Look through the records below for the line with "hyaluron⁵ vitalizing body". Return that line and each one after it up to and including the line with "Foto 1 de Casa", exactly.

[Stored dataset items]
<<<<
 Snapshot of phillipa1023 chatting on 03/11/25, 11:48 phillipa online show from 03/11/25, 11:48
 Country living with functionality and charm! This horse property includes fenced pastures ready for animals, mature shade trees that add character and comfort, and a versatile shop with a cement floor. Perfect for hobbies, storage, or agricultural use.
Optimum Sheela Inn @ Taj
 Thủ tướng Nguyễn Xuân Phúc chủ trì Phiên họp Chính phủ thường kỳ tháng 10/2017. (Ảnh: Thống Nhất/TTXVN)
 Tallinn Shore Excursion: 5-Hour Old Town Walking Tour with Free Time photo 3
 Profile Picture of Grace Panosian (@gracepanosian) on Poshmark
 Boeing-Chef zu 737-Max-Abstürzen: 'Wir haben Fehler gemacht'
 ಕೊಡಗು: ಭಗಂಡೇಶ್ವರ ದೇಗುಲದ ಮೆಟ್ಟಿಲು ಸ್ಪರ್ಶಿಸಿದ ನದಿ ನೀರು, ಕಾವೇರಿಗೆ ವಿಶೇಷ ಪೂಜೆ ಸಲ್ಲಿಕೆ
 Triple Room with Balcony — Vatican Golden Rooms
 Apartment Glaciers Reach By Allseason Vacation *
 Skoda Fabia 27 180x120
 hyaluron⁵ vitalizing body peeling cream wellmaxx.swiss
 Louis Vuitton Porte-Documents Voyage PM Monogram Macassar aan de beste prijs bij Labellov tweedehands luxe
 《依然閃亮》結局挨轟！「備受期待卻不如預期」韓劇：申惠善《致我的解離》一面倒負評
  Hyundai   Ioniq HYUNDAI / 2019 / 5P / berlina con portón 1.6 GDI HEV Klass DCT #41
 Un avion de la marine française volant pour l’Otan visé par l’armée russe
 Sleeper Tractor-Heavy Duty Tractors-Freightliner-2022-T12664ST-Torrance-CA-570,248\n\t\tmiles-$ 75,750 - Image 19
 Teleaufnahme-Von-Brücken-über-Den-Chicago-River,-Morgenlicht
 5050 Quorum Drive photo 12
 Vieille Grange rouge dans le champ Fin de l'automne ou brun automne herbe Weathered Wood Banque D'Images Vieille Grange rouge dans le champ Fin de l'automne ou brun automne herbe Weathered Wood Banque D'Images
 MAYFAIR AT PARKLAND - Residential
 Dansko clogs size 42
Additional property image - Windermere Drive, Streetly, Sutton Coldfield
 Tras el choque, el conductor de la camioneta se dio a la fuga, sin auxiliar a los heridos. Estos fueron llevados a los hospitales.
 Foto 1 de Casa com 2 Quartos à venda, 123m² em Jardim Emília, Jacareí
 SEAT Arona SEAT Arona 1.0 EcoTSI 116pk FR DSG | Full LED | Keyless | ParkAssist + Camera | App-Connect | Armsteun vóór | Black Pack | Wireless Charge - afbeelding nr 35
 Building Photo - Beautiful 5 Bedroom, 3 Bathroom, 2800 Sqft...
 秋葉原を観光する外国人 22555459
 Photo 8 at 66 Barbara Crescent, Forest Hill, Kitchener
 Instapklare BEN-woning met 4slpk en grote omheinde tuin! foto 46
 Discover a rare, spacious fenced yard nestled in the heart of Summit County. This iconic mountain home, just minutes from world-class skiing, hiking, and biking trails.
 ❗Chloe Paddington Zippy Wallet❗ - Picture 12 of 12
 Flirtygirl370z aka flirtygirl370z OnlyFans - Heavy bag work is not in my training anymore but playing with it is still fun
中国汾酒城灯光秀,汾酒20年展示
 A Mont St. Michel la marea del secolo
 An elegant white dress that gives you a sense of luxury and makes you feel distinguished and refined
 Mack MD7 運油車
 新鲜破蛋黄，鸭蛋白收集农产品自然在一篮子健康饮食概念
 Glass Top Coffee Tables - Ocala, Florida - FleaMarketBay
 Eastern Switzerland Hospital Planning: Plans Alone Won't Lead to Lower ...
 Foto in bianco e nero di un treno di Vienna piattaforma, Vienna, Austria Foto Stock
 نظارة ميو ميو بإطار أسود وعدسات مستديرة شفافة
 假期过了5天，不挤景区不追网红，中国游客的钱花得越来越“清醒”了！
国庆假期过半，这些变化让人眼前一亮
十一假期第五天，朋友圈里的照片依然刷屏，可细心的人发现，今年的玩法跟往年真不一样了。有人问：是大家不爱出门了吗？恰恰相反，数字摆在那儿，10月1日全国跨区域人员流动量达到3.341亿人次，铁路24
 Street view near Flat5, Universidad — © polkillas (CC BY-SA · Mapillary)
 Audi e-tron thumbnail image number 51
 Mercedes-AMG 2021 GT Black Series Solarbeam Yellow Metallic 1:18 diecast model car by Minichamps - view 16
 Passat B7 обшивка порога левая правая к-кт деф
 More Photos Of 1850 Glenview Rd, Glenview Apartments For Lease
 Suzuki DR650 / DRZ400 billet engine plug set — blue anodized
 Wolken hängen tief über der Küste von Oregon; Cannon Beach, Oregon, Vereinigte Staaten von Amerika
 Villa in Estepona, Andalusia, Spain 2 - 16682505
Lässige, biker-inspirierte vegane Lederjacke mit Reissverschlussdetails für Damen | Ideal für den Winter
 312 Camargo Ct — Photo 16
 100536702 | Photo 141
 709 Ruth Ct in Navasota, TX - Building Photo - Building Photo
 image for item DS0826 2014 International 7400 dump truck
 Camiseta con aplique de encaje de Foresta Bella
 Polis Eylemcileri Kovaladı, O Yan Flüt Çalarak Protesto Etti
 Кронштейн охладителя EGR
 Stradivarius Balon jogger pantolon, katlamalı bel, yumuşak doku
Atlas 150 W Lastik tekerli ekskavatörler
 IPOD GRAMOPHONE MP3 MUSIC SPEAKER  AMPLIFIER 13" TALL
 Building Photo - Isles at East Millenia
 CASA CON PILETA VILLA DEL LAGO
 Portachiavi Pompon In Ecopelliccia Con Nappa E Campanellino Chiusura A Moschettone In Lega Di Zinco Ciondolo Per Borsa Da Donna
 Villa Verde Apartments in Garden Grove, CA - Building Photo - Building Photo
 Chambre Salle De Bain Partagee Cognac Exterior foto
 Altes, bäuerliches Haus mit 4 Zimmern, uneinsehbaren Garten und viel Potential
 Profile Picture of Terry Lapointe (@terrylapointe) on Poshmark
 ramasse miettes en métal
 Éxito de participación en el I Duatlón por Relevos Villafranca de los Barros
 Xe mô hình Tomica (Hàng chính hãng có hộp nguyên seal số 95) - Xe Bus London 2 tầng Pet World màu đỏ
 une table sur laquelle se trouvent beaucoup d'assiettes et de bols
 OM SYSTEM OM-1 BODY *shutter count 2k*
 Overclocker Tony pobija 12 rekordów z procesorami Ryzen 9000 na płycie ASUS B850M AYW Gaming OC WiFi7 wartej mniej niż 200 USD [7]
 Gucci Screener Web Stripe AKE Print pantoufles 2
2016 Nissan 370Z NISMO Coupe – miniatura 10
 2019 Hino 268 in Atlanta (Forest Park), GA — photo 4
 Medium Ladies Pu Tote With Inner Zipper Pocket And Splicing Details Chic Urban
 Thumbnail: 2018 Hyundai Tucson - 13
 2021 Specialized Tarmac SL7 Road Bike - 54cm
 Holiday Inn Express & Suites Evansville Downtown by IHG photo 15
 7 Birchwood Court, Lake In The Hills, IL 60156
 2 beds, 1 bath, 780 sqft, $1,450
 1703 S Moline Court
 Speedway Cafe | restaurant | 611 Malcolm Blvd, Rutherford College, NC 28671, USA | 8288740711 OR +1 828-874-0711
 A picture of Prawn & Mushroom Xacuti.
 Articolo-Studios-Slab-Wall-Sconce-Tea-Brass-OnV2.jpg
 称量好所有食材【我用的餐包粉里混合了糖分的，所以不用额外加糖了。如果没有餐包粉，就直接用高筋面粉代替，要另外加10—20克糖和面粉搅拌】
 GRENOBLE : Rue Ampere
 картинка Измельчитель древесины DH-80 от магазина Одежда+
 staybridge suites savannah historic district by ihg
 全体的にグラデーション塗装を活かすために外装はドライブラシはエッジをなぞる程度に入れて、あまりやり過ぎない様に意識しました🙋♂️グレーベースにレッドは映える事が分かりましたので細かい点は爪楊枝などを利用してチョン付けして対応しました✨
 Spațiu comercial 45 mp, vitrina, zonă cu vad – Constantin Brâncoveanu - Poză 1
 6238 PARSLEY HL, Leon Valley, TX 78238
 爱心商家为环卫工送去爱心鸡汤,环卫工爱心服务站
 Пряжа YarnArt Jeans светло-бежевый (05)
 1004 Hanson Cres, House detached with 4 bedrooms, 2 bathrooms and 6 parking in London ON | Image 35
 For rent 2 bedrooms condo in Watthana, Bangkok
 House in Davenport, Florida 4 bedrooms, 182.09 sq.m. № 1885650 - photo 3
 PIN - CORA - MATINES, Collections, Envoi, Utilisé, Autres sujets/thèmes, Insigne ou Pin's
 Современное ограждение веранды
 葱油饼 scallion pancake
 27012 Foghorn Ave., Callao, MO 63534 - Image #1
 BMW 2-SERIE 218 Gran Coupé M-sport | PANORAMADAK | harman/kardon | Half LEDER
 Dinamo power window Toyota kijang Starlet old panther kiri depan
>>>>
Solution below:
 hyaluron⁵ vitalizing body peeling cream wellmaxx.swiss
 Louis Vuitton Porte-Documents Voyage PM Monogram Macassar aan de beste prijs bij Labellov tweedehands luxe
 《依然閃亮》結局挨轟！「備受期待卻不如預期」韓劇：申惠善《致我的解離》一面倒負評
  Hyundai   Ioniq HYUNDAI / 2019 / 5P / berlina con portón 1.6 GDI HEV Klass DCT #41
 Un avion de la marine française volant pour l’Otan visé par l’armée russe
 Sleeper Tractor-Heavy Duty Tractors-Freightliner-2022-T12664ST-Torrance-CA-570,248\n\t\tmiles-$ 75,750 - Image 19
 Teleaufnahme-Von-Brücken-über-Den-Chicago-River,-Morgenlicht
 5050 Quorum Drive photo 12
 Vieille Grange rouge dans le champ Fin de l'automne ou brun automne herbe Weathered Wood Banque D'Images Vieille Grange rouge dans le champ Fin de l'automne ou brun automne herbe Weathered Wood Banque D'Images
 MAYFAIR AT PARKLAND - Residential
 Dansko clogs size 42
Additional property image - Windermere Drive, Streetly, Sutton Coldfield
 Tras el choque, el conductor de la camioneta se dio a la fuga, sin auxiliar a los heridos. Estos fueron llevados a los hospitales.
 Foto 1 de Casa com 2 Quartos à venda, 123m² em Jardim Emília, Jacareí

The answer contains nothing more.